8. Privileged operations boundary

The core Graph scripts are unprivileged (graph_auth.py, mail_fetch.py, mail_send.py, calendar_sync.py, drive_ops.py, contacts_ops.py).

The setup scripts below are privileged and should be manually reviewed before execution:

• scripts/setup_mail_webhook_ec2.sh
• scripts/run_mail_webhook_e2e_setup.sh

When run without --dry-run, they can:

• Write /etc/default/graph-mail-webhook
• Write /etc/caddy/Caddyfile
• Write /etc/systemd/system/*.service and *.timer
• Enable/restart services via systemctl
• Optionally patch OpenClaw config and restart OpenClaw services

Recommended safety sequence:

1. Run with --dry-run
2. Review emitted actions and target files
3. Run on a non-production host first
4. Apply to production only after approval

9. Logging and conventions

• Each script appends one JSON line to state/graph_ops.log with timestamp, action, and key parameters.
• Tokens and logs must never be committed.
• Commands assume execution from the repository root.
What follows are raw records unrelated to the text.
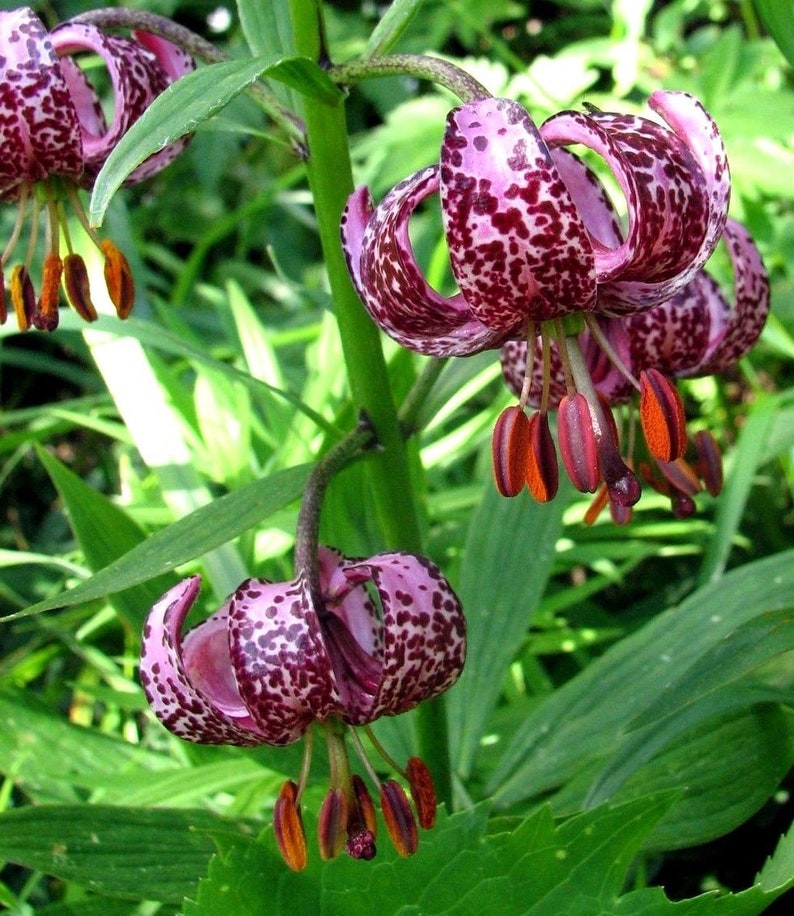 TURK'S CAP LILY Lilium Martagon Pink Mortagon Michigan Wildflower 10 Seeds image 2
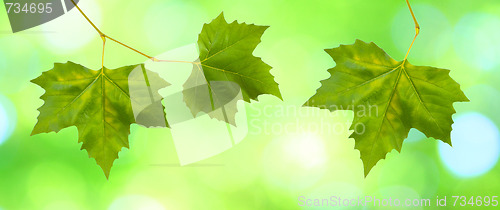 Image of Beautiful green leaves with green background in spring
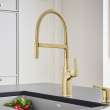 Rivana Semi-Pro Pull-Down Dual-Spray Kitchen Faucet - Satin Gold, 442984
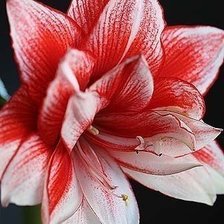 Cross stitch pattern: #615482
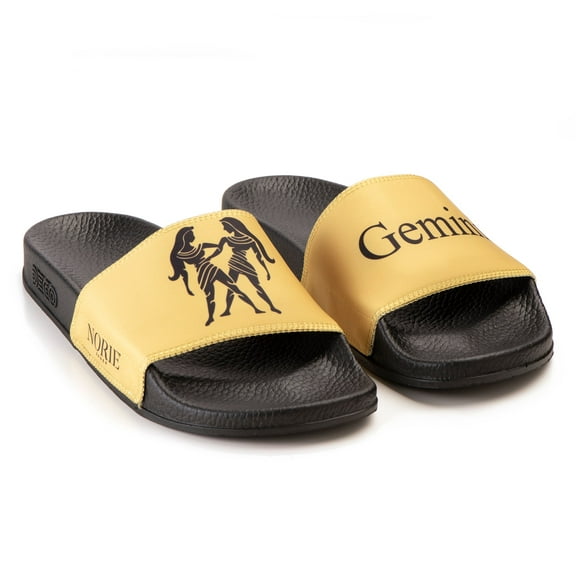 Gemini Zodiac Slides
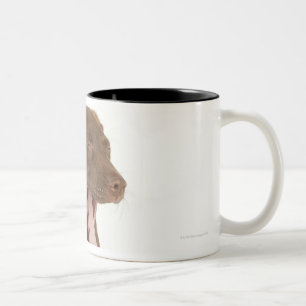 Four-Month-Old Chocolate Lab Puppy Yawning Two-Tone Coffee Mug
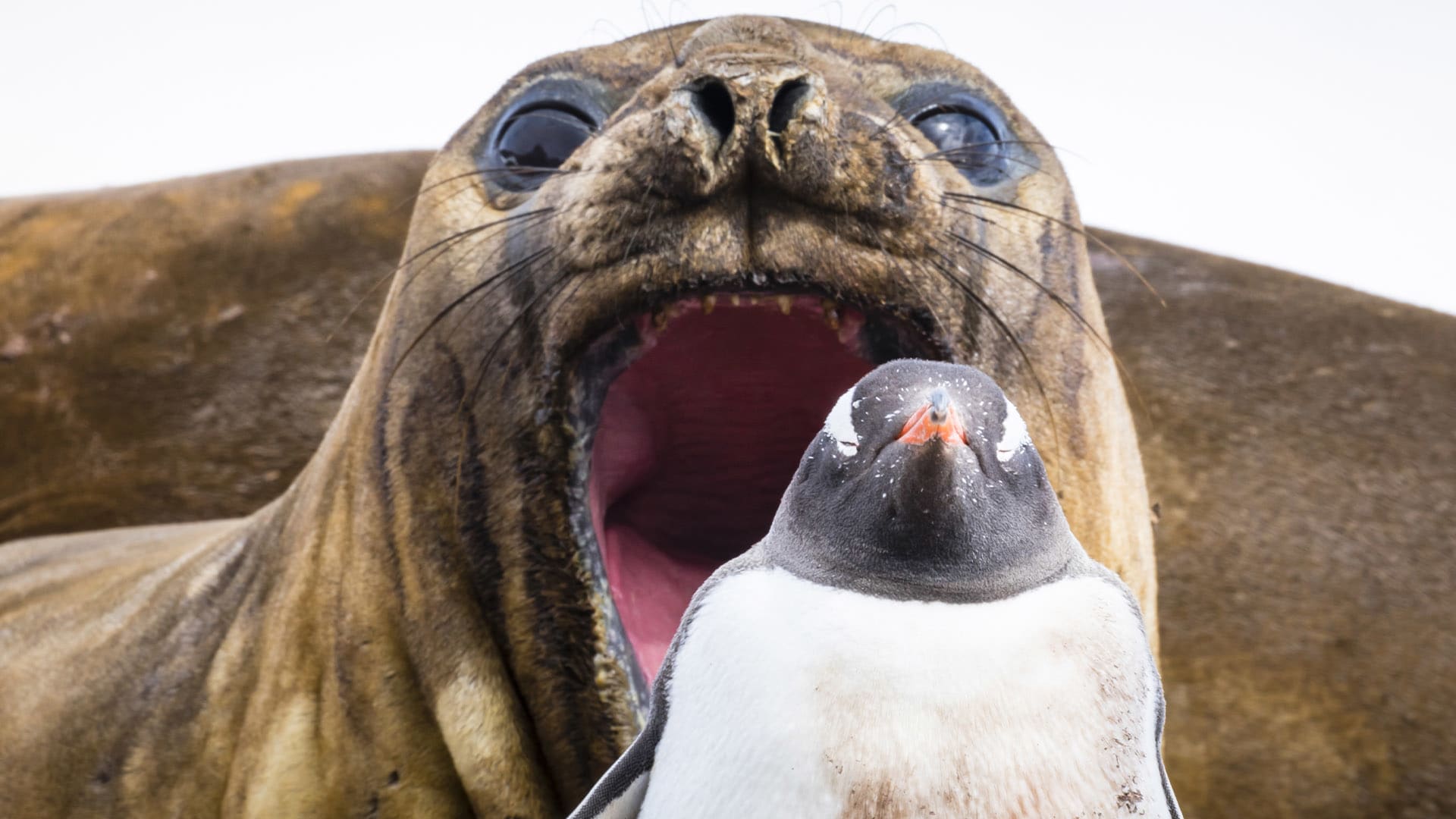 Tučňáka ohrožují lachtani i tuleni, ilustrační foto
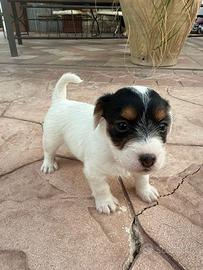 Cuccioli di Jack russel
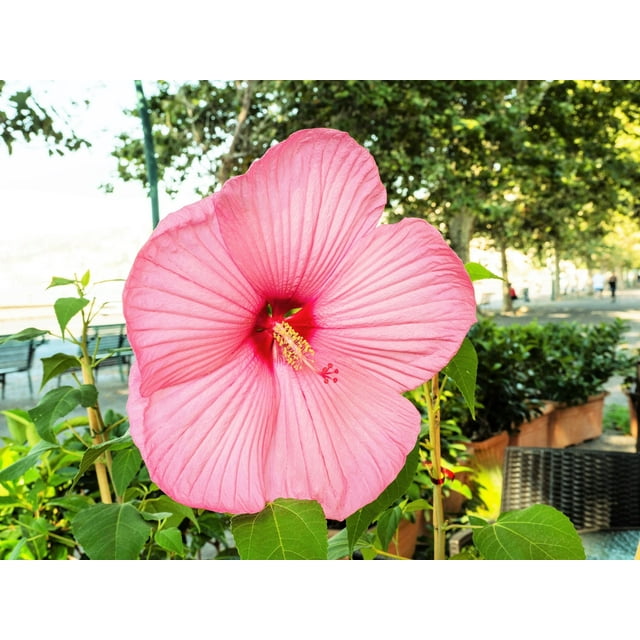 20 LIGHT PINK HIBISCUS Moscheutos var. Palustris Hardy Flower Seeds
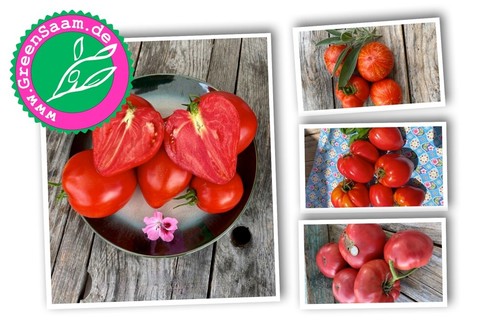 Tomatensamen roter - tomatensamen, 🍅
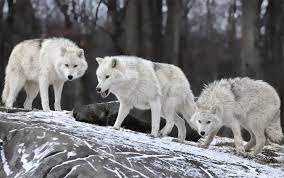 White Wolf Wolf Wallpaper Wolf Background White Wolf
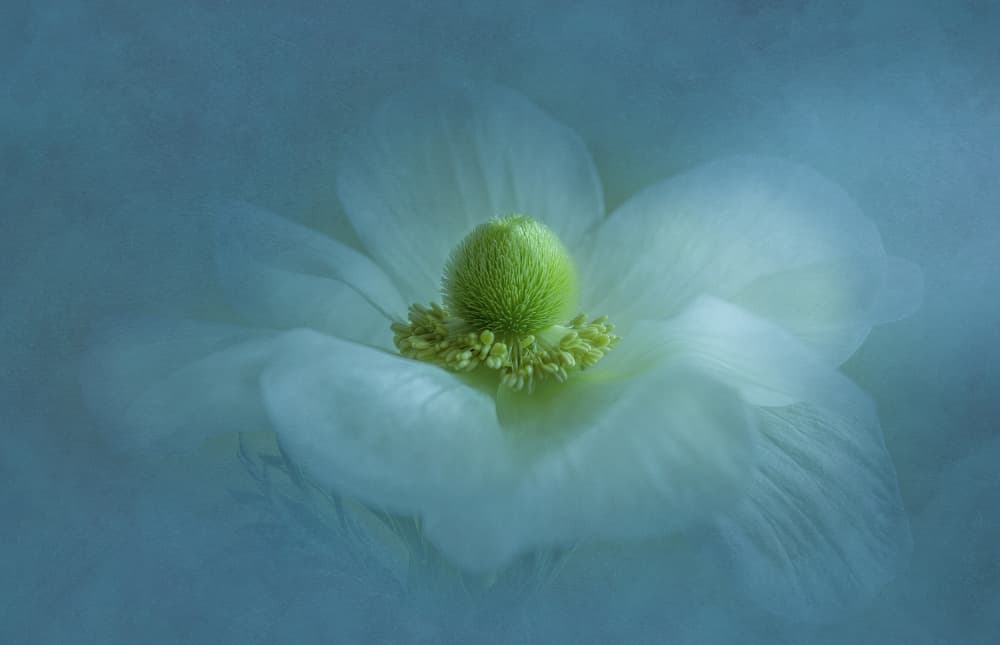 Ethereal White Bloom by Judy Tseng — canvas wall art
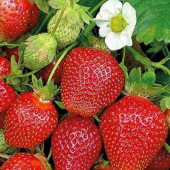 Полуниця Кабрілло 1 шт.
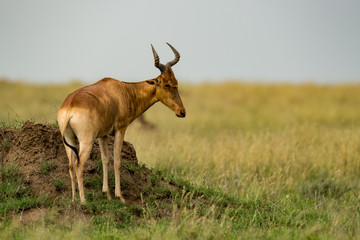 Hartebeest stands on termite mound on savannah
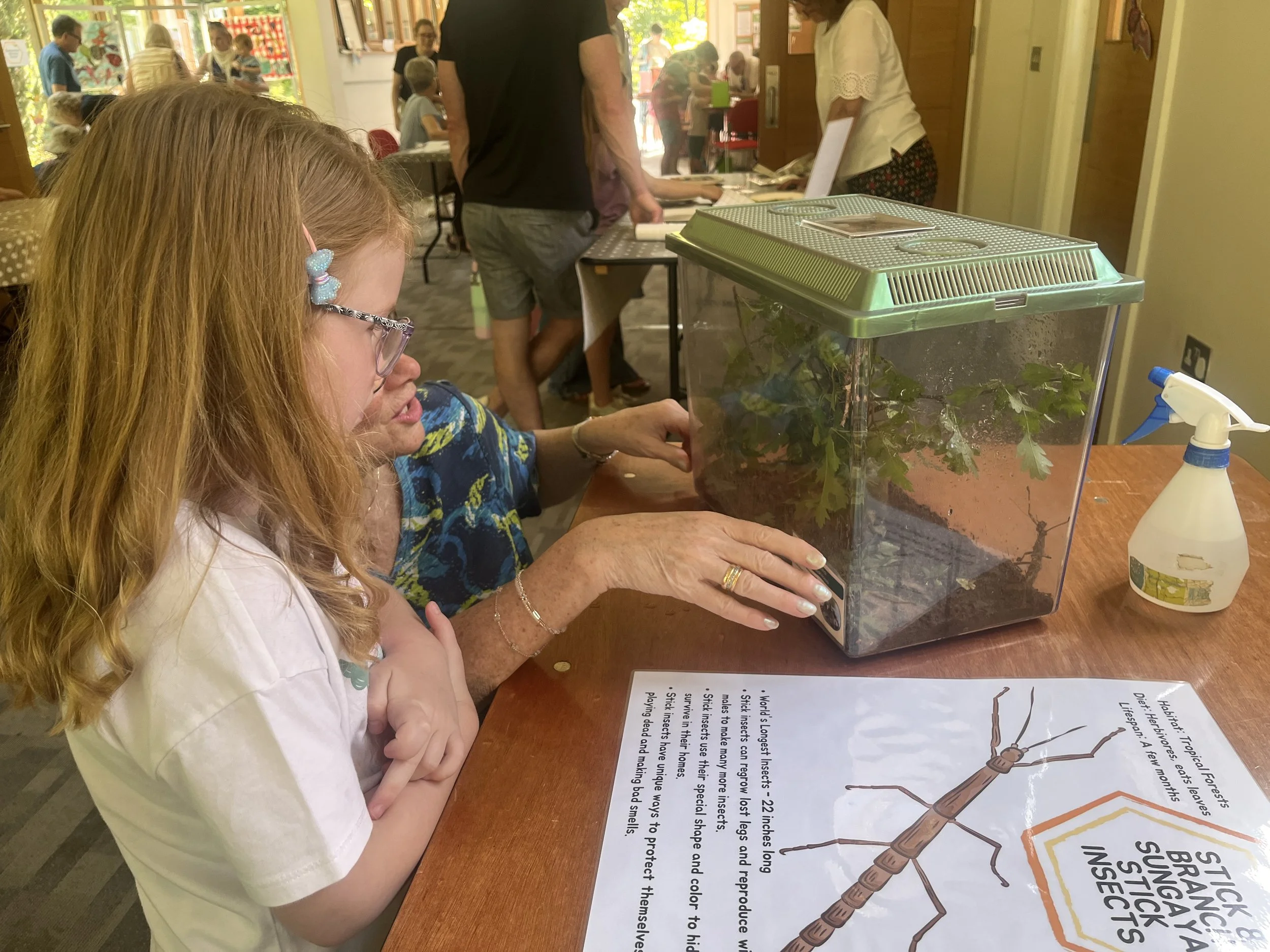Discovering Bugs at St Mary's Family Acitivity Morning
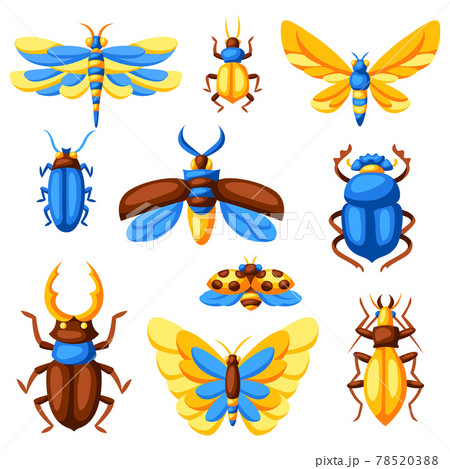 Set of insects. Stylized butterflies, beetles and dragonflies. 78520388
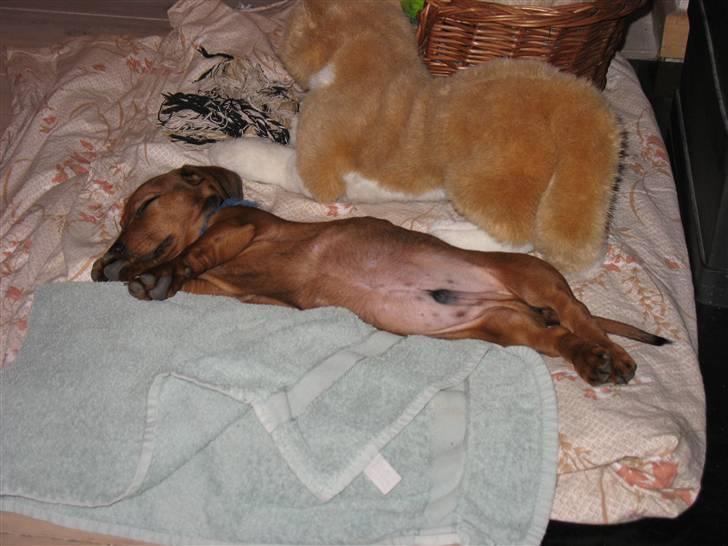 Gravhund Tikko DØD  :o( - napper lige en lur... billede 1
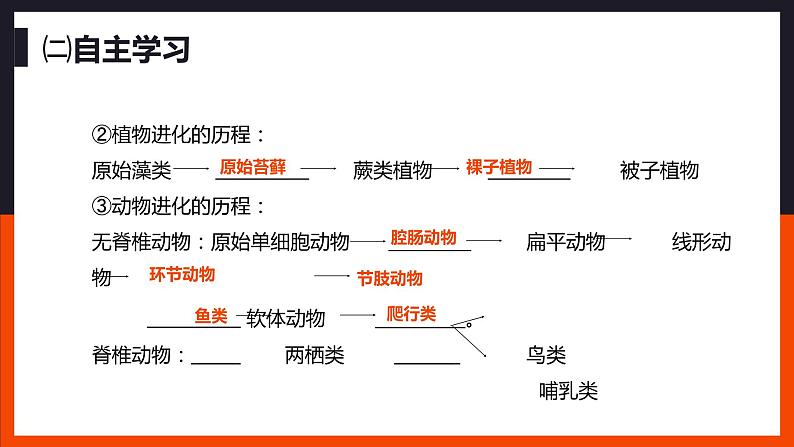 第二节 生物进化的历程 课件07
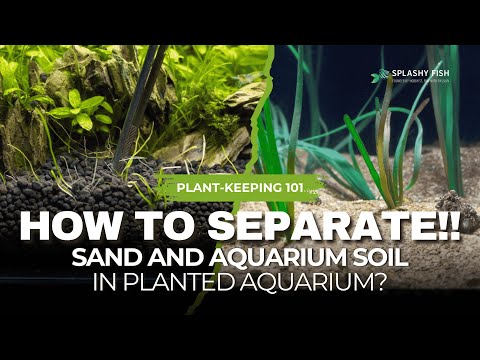 How to: Separate Sand and Aquarium Soil in Planted Aquarium
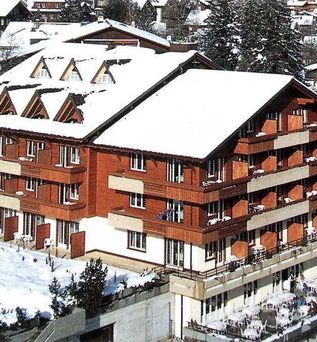 Hotel Steinmattli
Adjust paths if running elsewhere.

10. Troubleshooting

Symptom	Action
401/invalid_grant	Run graph_auth.py refresh; if it fails, run clear and repeat device login.
403/AccessDenied	Missing scope or licensing/policy issue. Re-run device login with required scope(s).
429/Throttled	Scripts do basic retry; wait a few seconds and retry.
requests.exceptions.SSLError	Verify local system date/time and TLS trust chain.

This skill provides OAuth-driven workflows for email, calendar, files, contacts, and push-based mail automation via Microsoft Graph.